# PROBLEM DESCRIPTION:
Please copy out every line in the records below that includes the word "Volkswagen".

Stored records
● ● ● ●

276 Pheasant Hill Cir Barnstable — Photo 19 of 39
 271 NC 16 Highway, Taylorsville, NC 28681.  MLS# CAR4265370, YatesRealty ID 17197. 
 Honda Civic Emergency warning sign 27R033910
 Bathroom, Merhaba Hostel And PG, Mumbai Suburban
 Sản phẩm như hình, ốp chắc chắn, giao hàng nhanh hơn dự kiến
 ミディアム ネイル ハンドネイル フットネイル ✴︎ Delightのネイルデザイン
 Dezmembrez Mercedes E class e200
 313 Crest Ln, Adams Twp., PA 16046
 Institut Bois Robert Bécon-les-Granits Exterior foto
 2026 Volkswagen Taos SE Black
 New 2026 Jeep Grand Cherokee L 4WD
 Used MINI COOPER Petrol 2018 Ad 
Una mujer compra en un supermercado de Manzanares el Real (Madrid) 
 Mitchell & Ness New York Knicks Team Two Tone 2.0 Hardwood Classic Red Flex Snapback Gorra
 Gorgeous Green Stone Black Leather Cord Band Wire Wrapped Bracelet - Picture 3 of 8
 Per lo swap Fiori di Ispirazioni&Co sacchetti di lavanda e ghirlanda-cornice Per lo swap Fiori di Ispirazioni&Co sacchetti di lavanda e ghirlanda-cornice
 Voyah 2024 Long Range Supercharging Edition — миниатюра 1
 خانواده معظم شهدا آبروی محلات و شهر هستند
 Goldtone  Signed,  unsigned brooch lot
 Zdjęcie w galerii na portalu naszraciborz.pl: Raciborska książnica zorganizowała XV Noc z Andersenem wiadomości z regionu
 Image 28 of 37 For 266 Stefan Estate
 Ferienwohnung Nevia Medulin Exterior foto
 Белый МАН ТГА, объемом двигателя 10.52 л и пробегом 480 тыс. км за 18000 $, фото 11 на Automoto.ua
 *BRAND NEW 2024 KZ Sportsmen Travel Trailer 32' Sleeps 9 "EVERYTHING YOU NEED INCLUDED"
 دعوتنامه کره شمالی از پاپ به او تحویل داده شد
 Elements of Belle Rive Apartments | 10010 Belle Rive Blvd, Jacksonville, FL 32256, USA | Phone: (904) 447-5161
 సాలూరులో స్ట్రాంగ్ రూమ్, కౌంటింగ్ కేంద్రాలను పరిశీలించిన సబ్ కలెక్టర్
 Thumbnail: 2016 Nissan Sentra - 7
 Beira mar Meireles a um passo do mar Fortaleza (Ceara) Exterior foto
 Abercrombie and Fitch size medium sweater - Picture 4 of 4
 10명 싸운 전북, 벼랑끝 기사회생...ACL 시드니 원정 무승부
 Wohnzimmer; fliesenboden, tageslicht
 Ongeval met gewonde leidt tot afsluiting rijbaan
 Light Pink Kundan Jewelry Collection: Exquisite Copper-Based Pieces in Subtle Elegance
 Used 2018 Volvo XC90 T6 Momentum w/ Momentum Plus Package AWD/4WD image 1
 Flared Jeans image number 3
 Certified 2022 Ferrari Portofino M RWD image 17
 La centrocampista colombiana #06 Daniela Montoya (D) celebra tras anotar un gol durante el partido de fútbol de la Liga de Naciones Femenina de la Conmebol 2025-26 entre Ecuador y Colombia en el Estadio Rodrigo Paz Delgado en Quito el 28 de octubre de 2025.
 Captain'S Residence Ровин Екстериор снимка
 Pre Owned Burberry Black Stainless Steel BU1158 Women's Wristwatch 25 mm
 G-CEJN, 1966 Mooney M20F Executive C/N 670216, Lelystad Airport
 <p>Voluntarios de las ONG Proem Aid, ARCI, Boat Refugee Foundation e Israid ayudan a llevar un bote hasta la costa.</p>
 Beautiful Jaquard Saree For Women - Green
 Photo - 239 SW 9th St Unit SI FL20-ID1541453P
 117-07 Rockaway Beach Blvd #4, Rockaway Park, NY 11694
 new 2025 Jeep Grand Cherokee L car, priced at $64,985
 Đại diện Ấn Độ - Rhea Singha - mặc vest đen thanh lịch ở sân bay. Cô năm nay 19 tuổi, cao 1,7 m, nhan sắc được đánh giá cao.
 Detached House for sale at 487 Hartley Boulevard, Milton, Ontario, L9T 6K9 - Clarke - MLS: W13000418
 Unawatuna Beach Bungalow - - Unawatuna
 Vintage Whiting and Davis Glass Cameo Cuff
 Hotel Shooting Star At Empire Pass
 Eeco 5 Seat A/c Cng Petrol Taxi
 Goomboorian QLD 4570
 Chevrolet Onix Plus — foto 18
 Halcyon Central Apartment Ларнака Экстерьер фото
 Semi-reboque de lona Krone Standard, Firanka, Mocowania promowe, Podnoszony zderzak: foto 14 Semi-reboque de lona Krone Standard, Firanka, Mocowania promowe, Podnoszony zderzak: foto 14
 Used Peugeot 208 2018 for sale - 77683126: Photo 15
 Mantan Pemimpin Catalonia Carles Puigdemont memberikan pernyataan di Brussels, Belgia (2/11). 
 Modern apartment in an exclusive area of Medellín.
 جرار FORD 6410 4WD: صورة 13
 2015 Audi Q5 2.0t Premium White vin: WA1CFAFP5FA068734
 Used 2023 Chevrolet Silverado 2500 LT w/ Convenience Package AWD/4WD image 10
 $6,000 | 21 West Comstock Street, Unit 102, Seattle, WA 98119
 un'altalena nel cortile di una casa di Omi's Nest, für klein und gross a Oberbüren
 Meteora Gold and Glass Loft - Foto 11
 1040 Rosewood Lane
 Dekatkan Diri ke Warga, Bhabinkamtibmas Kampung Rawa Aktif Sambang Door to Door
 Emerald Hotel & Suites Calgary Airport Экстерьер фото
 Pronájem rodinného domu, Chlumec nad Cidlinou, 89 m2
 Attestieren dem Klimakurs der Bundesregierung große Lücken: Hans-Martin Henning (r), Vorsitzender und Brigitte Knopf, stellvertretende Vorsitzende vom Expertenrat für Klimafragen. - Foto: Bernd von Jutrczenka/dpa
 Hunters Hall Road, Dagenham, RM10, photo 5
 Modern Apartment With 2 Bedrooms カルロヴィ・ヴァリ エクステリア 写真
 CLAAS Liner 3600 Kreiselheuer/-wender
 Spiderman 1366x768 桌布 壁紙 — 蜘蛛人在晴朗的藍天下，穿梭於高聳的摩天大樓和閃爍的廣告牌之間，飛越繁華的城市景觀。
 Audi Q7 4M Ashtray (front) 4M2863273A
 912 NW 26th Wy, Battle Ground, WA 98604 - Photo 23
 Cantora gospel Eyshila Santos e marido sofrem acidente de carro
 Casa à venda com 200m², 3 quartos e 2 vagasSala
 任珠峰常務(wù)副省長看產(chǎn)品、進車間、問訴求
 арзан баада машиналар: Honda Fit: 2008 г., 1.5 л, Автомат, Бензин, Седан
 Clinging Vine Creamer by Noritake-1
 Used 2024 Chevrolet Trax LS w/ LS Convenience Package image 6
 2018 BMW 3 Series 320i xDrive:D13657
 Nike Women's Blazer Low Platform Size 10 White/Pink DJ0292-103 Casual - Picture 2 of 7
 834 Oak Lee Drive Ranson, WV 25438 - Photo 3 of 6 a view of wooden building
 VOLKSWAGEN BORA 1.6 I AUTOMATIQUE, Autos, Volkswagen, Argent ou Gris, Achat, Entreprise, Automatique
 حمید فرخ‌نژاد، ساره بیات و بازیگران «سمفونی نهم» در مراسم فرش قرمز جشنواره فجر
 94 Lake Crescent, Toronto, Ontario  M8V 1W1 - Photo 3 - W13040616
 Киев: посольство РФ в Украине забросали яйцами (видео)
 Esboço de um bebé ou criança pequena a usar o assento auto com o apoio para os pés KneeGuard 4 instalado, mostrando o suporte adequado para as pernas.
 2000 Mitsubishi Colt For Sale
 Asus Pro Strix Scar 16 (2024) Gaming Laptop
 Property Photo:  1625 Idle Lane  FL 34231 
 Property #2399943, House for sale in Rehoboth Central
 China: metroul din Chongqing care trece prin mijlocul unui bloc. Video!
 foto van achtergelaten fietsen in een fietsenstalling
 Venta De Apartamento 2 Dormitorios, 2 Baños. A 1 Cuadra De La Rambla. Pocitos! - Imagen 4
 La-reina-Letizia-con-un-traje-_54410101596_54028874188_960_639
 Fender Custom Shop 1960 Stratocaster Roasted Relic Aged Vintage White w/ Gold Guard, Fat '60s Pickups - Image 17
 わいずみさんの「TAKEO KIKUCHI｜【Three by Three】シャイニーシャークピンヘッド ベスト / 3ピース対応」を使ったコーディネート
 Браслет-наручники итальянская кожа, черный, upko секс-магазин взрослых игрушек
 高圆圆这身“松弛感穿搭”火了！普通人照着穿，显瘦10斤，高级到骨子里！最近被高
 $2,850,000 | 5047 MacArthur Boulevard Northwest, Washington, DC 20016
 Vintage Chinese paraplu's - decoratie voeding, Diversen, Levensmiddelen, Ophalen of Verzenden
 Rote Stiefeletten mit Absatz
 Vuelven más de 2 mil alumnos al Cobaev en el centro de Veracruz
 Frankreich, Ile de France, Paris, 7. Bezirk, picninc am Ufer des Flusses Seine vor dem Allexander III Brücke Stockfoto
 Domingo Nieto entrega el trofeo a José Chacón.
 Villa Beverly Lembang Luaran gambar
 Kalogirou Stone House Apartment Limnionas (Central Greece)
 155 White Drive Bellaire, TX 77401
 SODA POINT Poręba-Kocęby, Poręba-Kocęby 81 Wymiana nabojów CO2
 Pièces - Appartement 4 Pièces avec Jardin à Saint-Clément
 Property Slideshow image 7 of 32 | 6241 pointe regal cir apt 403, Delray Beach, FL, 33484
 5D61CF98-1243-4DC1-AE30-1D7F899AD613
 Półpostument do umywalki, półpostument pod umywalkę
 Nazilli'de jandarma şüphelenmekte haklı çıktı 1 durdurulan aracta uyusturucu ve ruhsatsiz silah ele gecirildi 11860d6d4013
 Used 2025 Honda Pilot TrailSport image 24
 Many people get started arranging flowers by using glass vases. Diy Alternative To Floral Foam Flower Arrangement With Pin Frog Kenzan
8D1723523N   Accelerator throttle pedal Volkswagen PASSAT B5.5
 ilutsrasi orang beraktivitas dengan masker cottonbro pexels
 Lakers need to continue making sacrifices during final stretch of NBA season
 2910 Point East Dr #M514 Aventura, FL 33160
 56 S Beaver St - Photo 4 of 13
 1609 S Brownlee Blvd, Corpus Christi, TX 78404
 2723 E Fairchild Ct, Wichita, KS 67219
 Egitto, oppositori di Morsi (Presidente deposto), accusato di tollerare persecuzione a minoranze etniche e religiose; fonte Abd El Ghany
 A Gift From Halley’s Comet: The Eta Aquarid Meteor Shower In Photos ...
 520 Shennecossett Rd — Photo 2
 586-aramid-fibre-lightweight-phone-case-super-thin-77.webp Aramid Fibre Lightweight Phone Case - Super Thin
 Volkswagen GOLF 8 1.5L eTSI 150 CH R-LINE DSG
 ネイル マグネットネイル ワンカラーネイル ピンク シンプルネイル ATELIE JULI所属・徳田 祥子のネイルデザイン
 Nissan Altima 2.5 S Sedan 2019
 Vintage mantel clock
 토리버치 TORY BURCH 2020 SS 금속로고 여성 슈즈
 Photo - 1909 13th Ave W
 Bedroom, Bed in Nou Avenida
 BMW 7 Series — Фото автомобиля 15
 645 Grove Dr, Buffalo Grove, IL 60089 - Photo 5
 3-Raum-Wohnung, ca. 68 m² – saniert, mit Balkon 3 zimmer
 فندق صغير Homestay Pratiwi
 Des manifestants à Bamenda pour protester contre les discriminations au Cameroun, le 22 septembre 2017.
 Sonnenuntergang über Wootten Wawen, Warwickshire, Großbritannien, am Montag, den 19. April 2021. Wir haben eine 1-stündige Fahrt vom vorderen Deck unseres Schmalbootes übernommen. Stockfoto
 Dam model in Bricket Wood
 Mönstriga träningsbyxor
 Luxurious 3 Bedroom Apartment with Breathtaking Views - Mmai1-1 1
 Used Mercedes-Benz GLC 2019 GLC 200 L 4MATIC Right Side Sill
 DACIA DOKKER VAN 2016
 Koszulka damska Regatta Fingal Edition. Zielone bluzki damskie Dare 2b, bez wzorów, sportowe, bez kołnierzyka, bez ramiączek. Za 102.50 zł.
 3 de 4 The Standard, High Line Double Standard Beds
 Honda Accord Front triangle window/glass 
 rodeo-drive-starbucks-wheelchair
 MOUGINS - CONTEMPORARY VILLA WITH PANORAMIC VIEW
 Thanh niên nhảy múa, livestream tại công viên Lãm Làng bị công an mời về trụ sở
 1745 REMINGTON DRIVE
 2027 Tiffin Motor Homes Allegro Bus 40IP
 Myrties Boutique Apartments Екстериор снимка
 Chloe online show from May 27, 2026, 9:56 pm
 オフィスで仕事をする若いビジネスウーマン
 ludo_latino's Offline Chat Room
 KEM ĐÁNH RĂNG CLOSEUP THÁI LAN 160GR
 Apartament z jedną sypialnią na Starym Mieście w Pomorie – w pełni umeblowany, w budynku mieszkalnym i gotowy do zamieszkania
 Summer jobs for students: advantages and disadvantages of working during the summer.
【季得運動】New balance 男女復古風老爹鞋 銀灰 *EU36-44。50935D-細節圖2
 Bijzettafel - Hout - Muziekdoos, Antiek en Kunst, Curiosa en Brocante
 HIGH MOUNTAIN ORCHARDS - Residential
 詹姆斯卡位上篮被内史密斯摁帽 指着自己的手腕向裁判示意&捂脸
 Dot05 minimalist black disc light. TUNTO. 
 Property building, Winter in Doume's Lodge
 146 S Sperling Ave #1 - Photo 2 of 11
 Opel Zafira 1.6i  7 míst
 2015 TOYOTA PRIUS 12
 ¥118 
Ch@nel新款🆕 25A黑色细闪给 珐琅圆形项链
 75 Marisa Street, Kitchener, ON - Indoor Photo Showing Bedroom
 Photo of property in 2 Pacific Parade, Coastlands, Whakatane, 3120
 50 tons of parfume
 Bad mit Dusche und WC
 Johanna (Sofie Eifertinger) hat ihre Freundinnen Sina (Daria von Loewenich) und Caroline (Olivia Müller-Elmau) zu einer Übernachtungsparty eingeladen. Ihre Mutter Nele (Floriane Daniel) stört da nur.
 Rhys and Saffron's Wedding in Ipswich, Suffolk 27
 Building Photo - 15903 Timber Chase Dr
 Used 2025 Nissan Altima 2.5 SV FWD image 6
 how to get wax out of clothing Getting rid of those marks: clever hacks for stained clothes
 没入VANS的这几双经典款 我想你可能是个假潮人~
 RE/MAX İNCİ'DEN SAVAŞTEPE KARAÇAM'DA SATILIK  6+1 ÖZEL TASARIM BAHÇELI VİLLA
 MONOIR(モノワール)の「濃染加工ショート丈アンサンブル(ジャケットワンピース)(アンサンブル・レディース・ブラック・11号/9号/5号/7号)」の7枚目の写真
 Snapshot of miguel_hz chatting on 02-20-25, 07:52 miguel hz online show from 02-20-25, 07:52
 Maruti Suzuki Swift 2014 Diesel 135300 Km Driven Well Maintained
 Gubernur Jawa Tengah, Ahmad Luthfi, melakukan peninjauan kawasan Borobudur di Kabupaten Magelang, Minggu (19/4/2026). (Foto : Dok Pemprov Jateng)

● ● ● ●

# YOUR SOLUTION:
 2026 Volkswagen Taos SE Black
 VOLKSWAGEN BORA 1.6 I AUTOMATIQUE, Autos, Volkswagen, Argent ou Gris, Achat, Entreprise, Automatique
8D1723523N   Accelerator throttle pedal Volkswagen PASSAT B5.5
 Volkswagen GOLF 8 1.5L eTSI 150 CH R-LINE DSG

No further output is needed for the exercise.